Artikel und Pressemitteilungen - Archiv 2004

Und jetzt: Faire Einbürgerungen!

Archiv: 27. September 2004

Nach der Ablehnung der eidgenössischen Einbürgerungsvorlagen kommt den beiden kantonalen Einbürgerungsinitiativen des GB umso mehr Gewicht zu. Die Luzerner Bevölkerung kann sich am 28. November für ein Einbürgerungsverfahren entscheiden, das frei ist von willkürlichen Entscheiden.

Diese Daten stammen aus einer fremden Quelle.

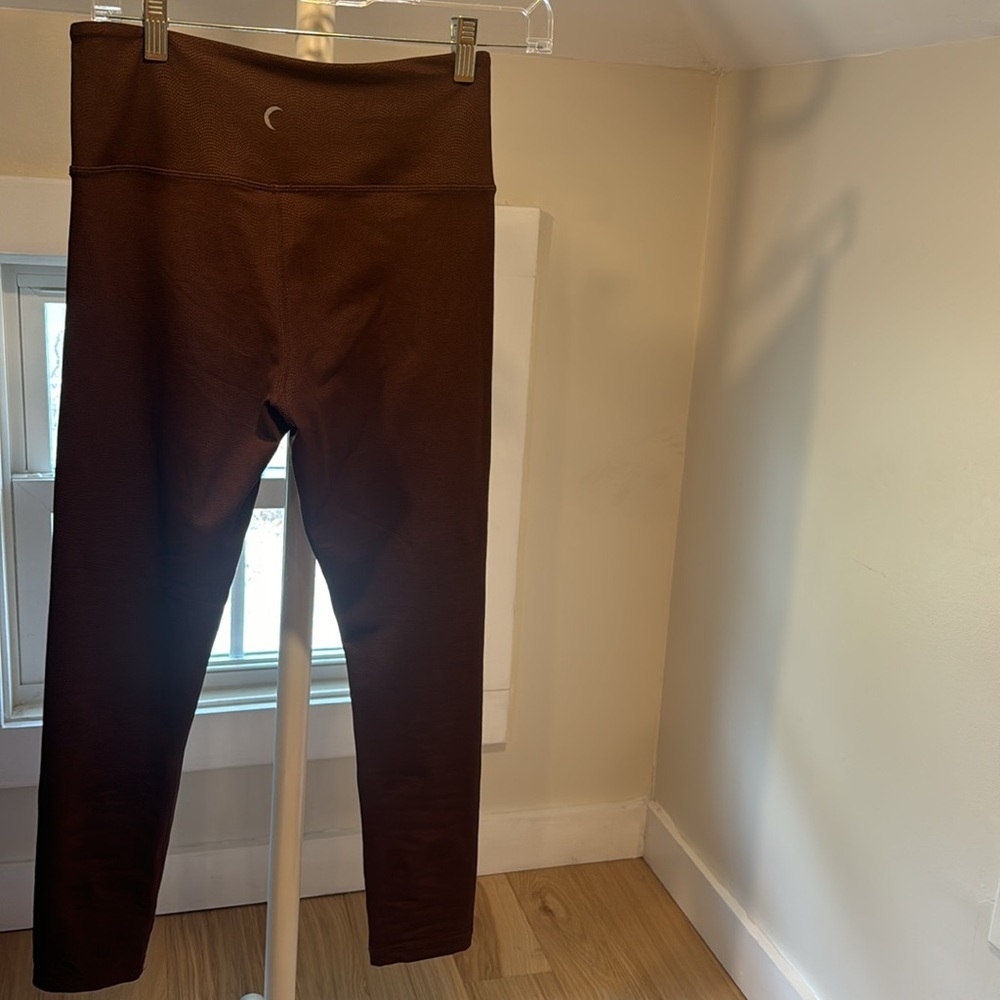 Zyia active brown/ maroon leggings, size small (6-8) - Picture 4 of 4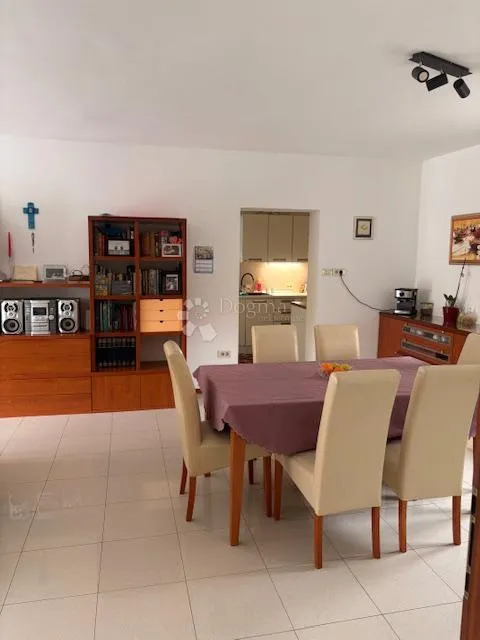 lijepa obiteljska kuća - slika 5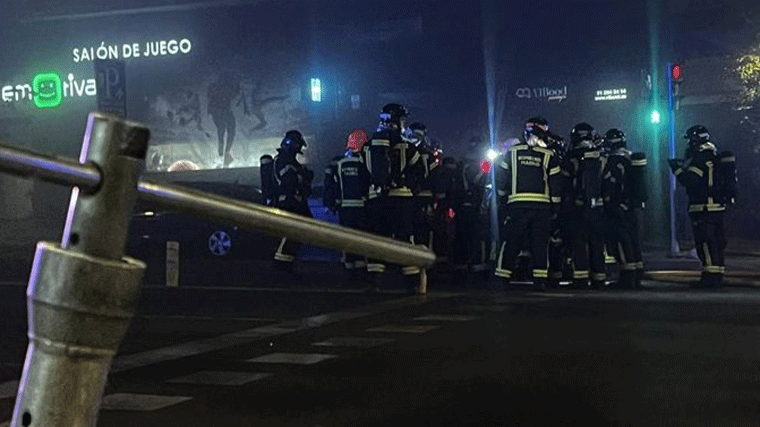Un vehículo incendidato en un aparcamiento obliga a cortar el tráfico en el centro de Madrid
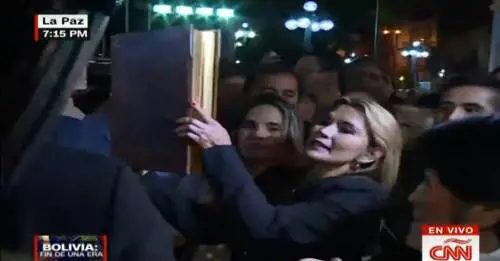 Bolivia, la presidente anti Pachamama: "La Bibbia ritorna al governo"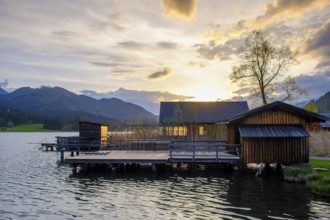 Sunset, evening mood at the Weißensee, near Techendorf, Carinthia, Austria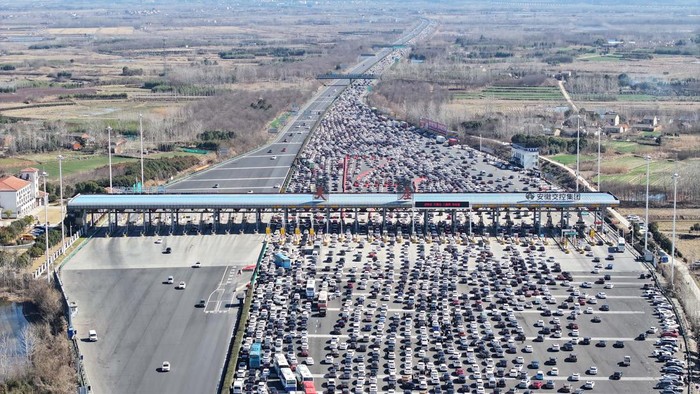 CHUZHOU, CHINA - FEBRUARY 16, 2024 - A large number of vehicles at Wuzhuang Toll Station, Asia's largest toll station, move slowly in Hefei towards Shanghai in Chuzhou city, Anhui province, China, February 16, 2024. (Photo credit should read CFOTO/Future Publishing via Getty Images)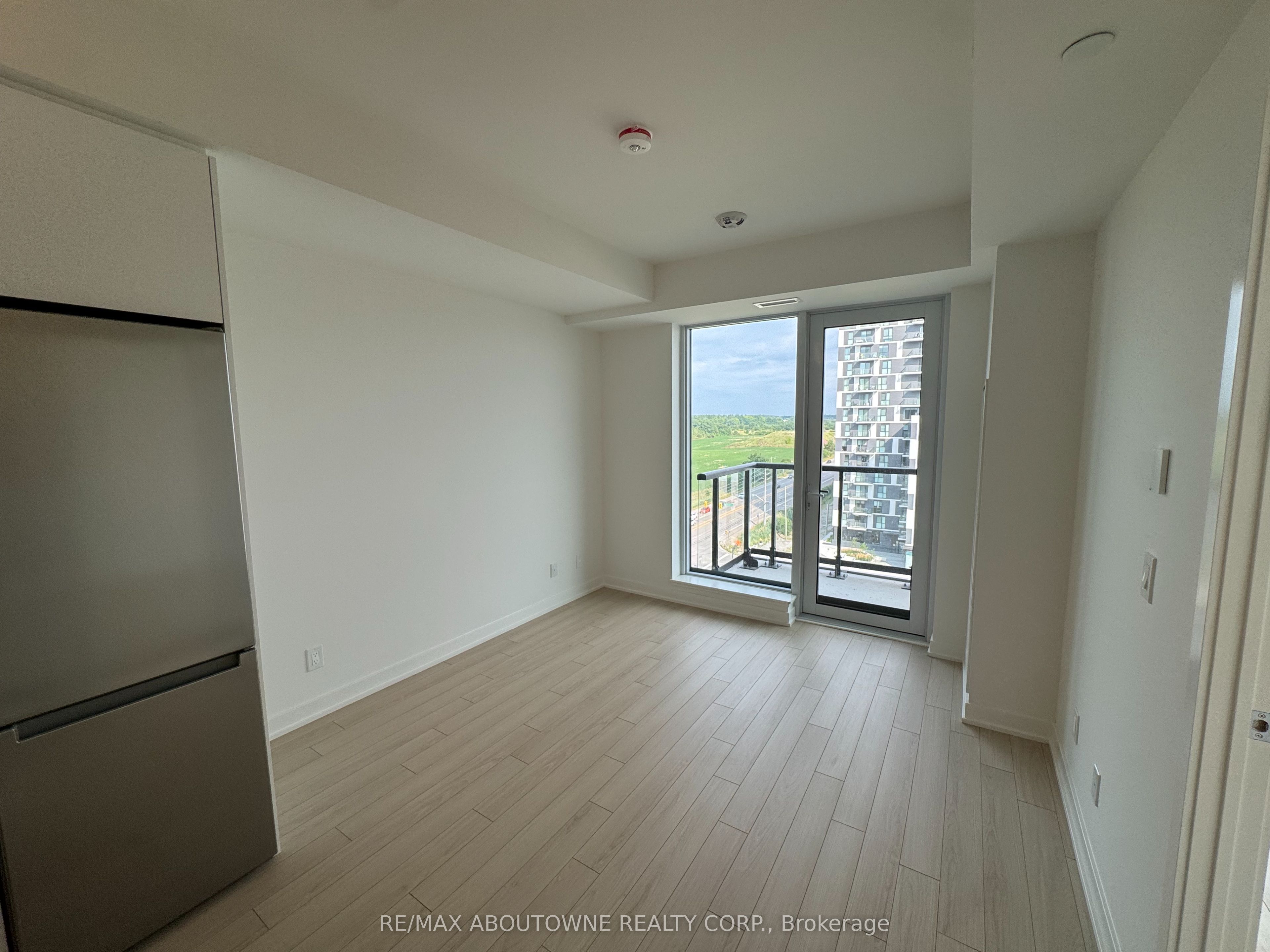 3079 Trafalgar Road 906, Oakville, ON L6H 8C5 photo 4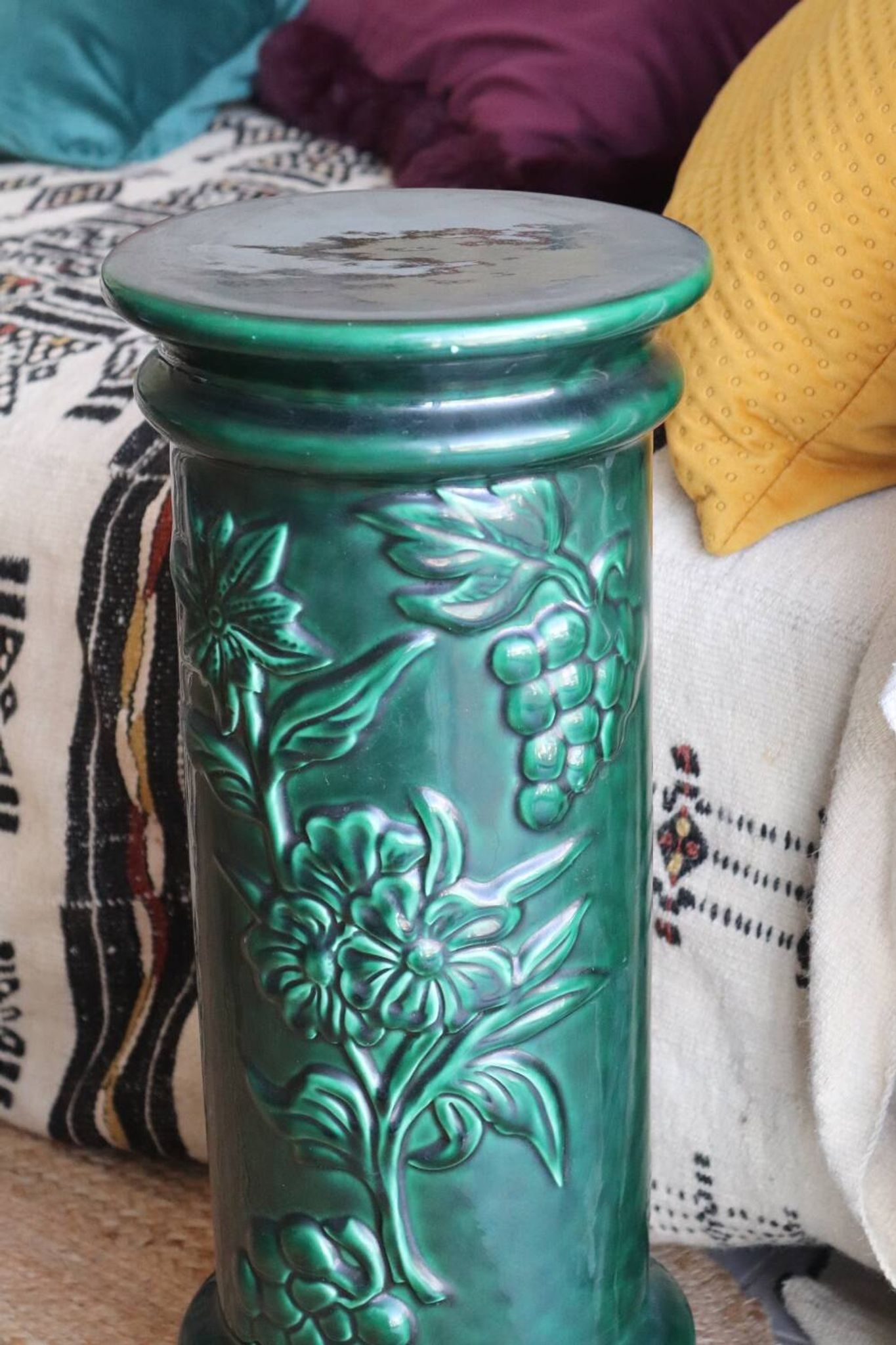 Pedestal column in green ceramic with flower and fruit decoration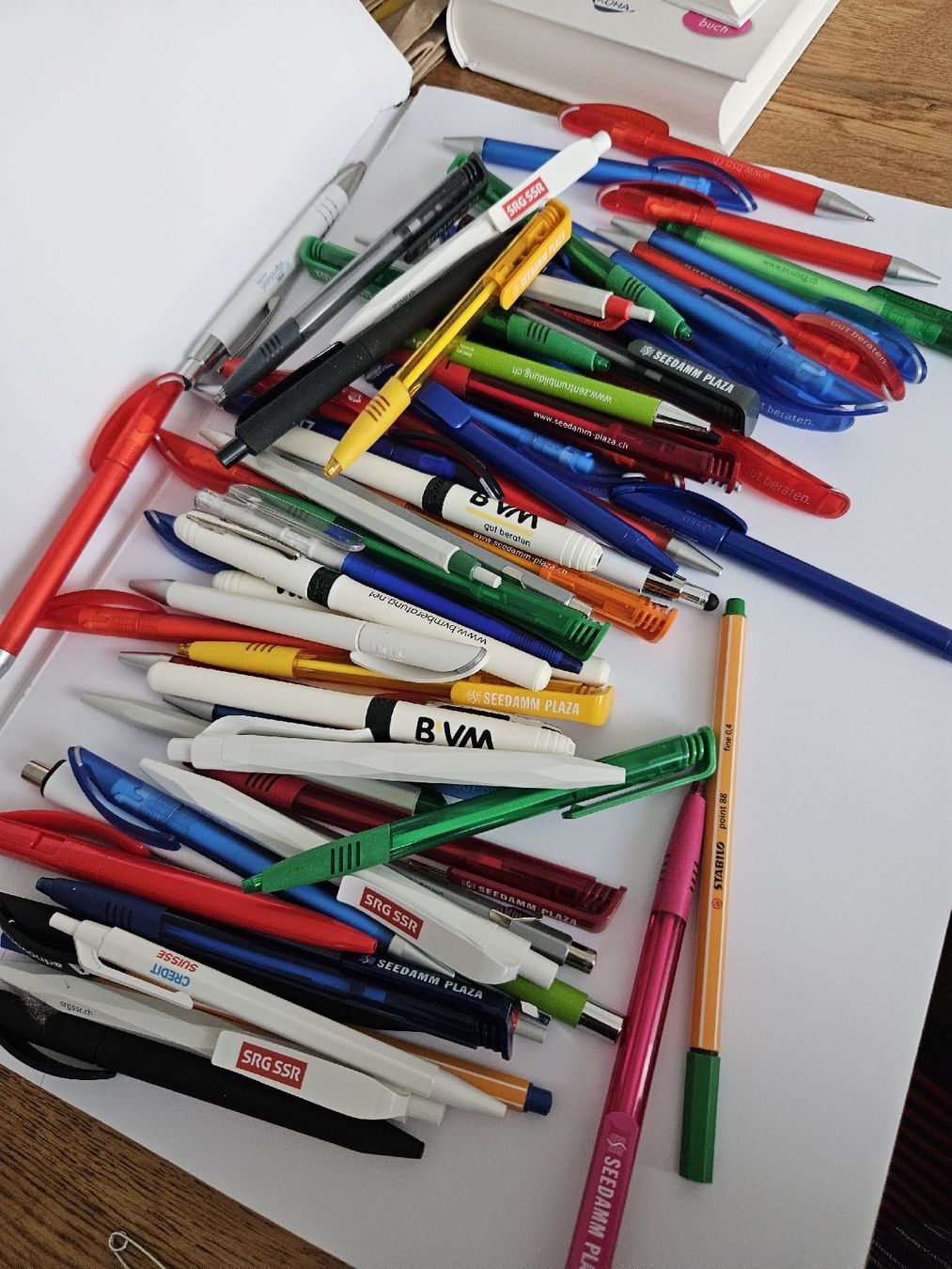 Stifte & Marker: Grosse Menge bunte Kugelschreiber - neu – Neu (gemäss Beschreibung) aus Zürich von zweistein03 1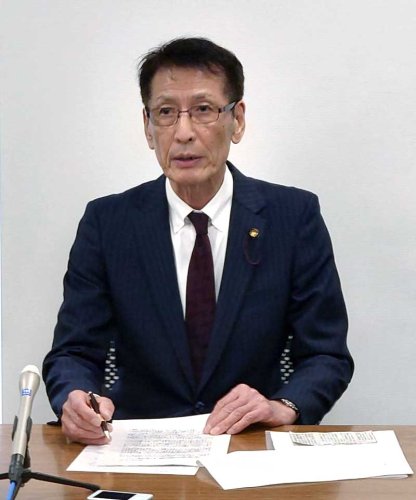 会見する永野市議＝市原市役所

Mediencommuniqué GB Kanton Luzern

Das Nein zur vereinfachten Einbürgerung der zweiten Generation und der automatischen Einbürgerung der dritten Generation ist der diffusen Angstkampagne der SVP zuzuschreiben. Doch nicht nur: Die CVP und FDP haben sich kaum für diese Vorlagen eingesetzt, weshalb eine starke, überparteiliche Ja-Kampagne gefehlt hat. In Luzern hat die FDP gar im Schlepptau der SVP die Vorlagen abgelehnt und die CVP praktisch jegliches Engagement vermissen lassen ‐ eine Anfrage der Grünen für ein überparteiliches Komitee schlug die Partei aus. Doch ohne Engagement lassen sich Abstimmungen nicht gewinnen.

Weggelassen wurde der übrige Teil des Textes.